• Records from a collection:
········
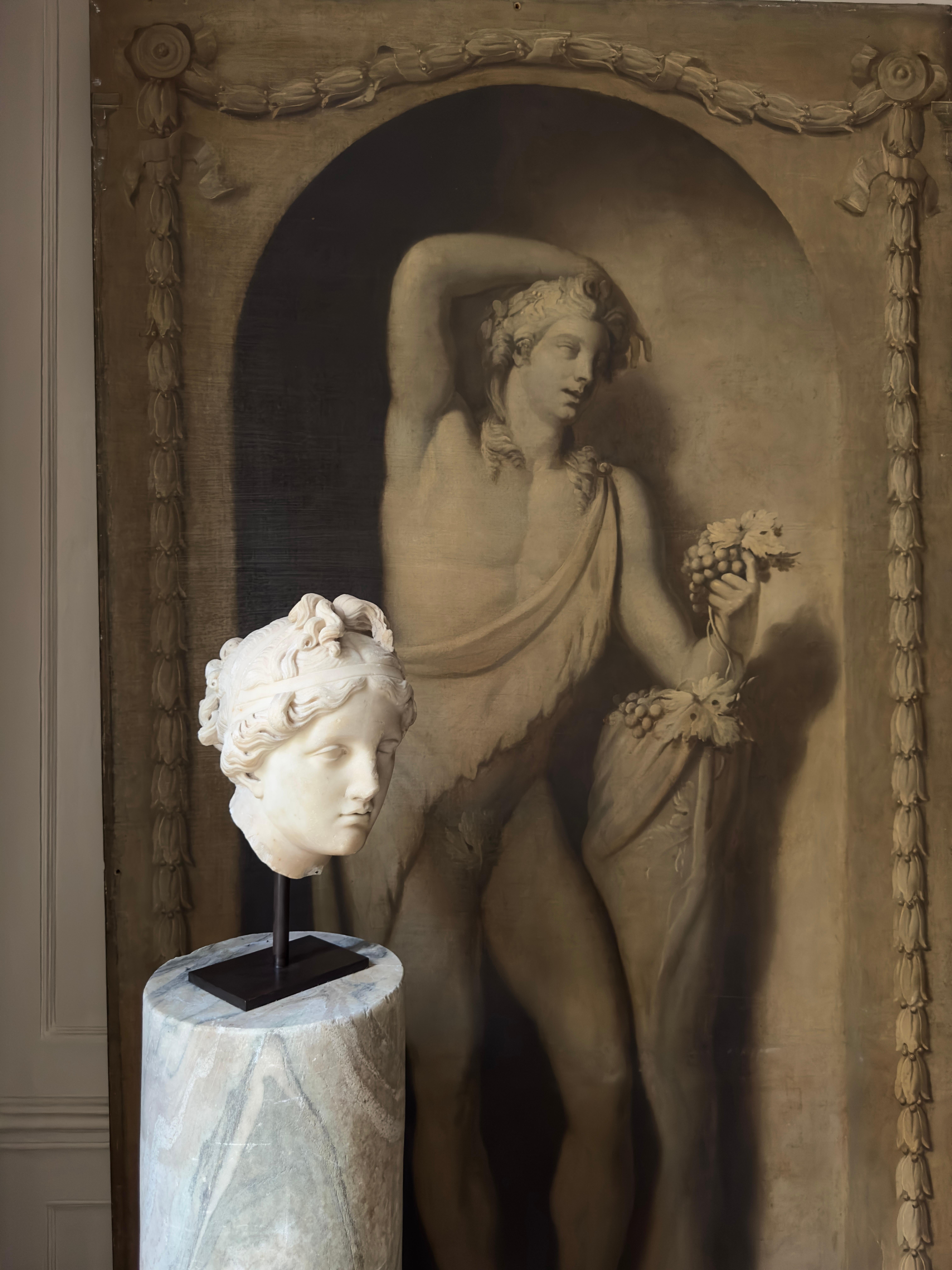 A large 18th century or earlier statuary marble head of Venus, goddess of Love. Life-size and beautifully carved with superb detail to her hair & face. Probably Italian and an early representation of the ‘Crouching Venus’.

Measures - 39cm H x 18cm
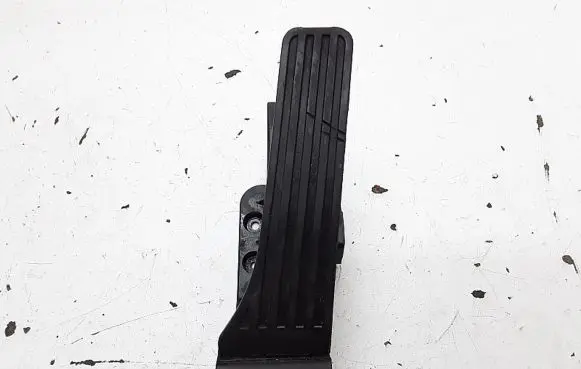 Mercedes-Benz C W204 Accelerator throttle pedal A2043000004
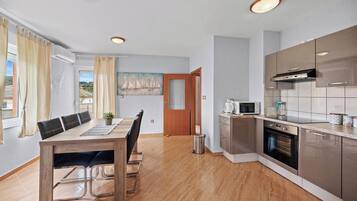 Apartment | Private kitchen | Highchair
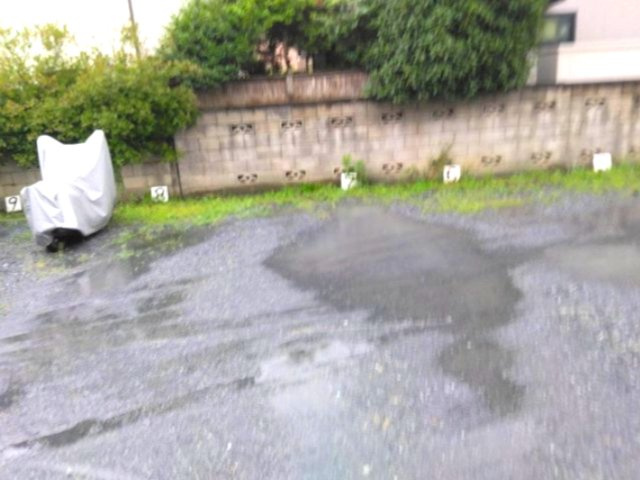 マーガレットシティの駐車場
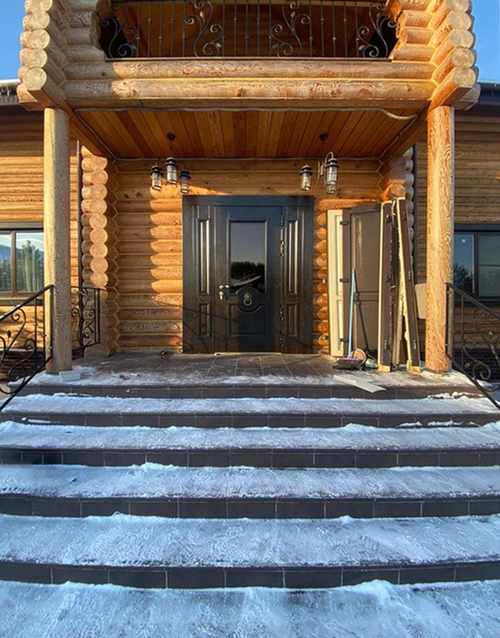 Входная группа в частном доме Входная группа в частном доме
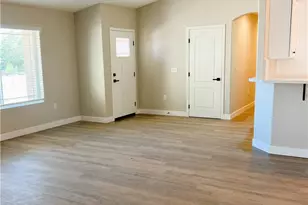 16438 Llanada Ave, Victorville, CA 92394 - Photo 5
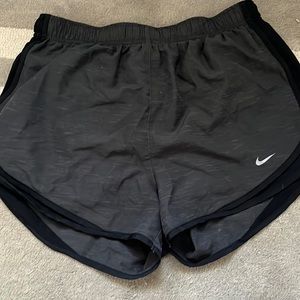 nike womens running shorts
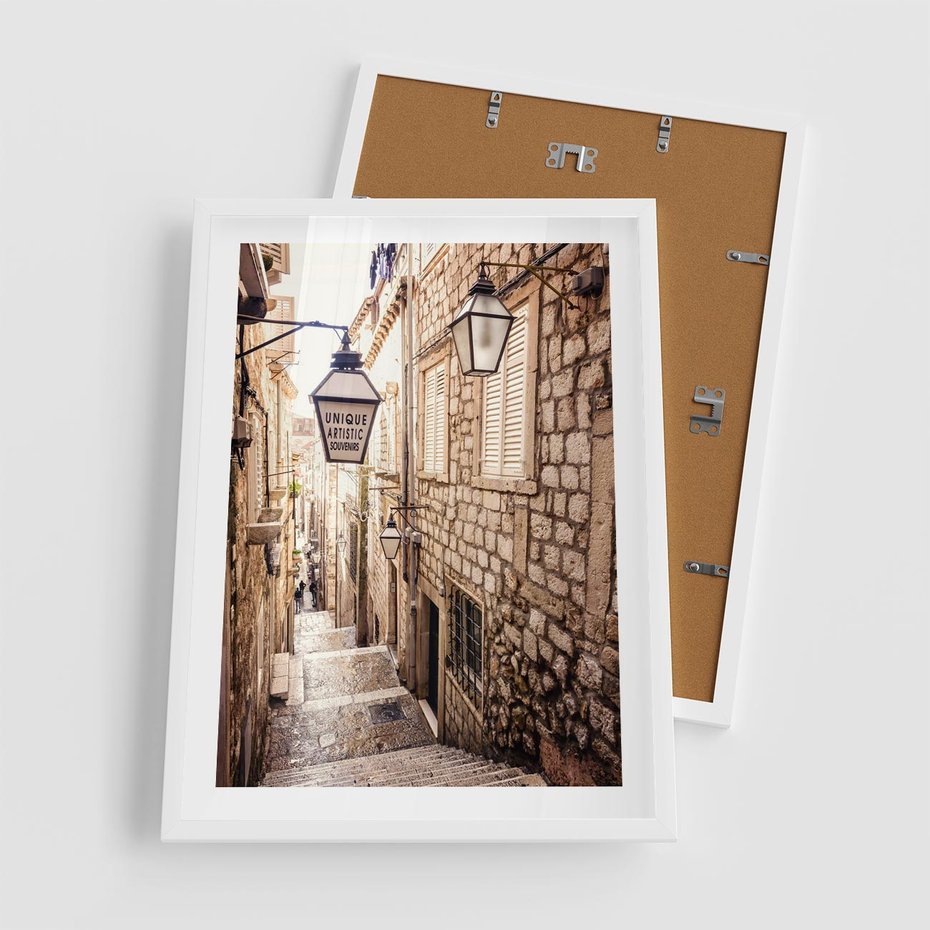 Plakat w ramie 50x70 - mistyczna podróż - uliczka, perspektywa - rama biała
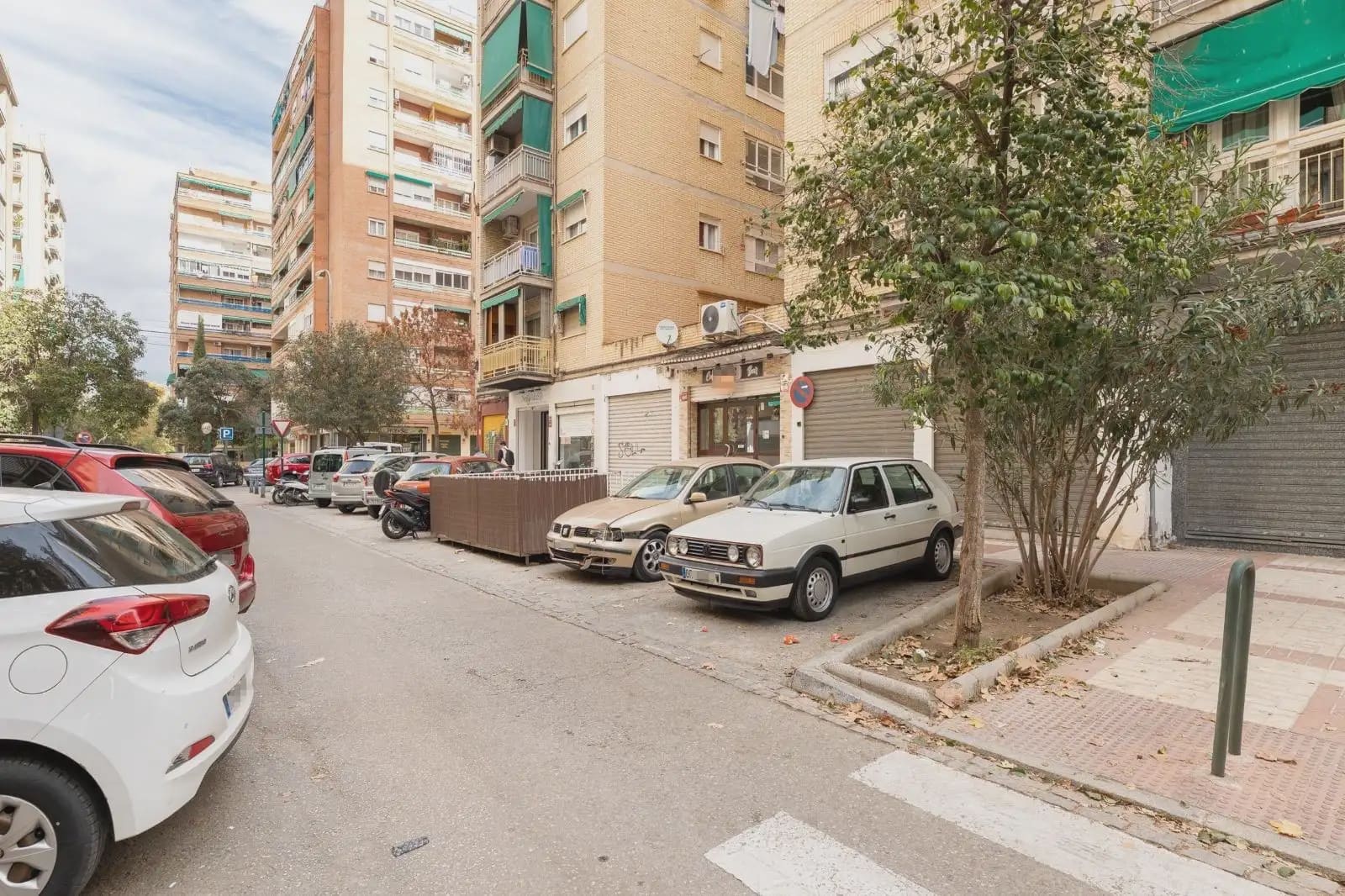Local Comercial en Granada ciudad en venta - 104.999 € (Ref: 9837341)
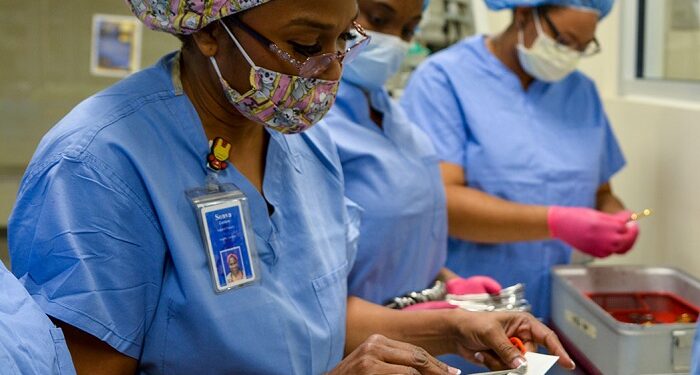 Сколько зарабатывает Sterile Technician в Америке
········
• What is being asked:
Retype the data word for word, please, and keep the images out.

• Written solution:
 A large 18th century or earlier statuary marble head of Venus, goddess of Love. Life-size and beautifully carved with superb detail to her hair & face. Probably Italian and an early representation of the ‘Crouching Venus’.

Measures - 39cm H x 18cm
 Mercedes-Benz C W204 Accelerator throttle pedal A2043000004
 Apartment | Private kitchen | Highchair
 マーガレットシティの駐車場
 Входная группа в частном доме Входная группа в частном доме
 16438 Llanada Ave, Victorville, CA 92394 - Photo 5
 nike womens running shorts
 Plakat w ramie 50x70 - mistyczna podróż - uliczka, perspektywa - rama biała
Local Comercial en Granada ciudad en venta - 104.999 € (Ref: 9837341)
 Сколько зарабатывает Sterile Technician в Америке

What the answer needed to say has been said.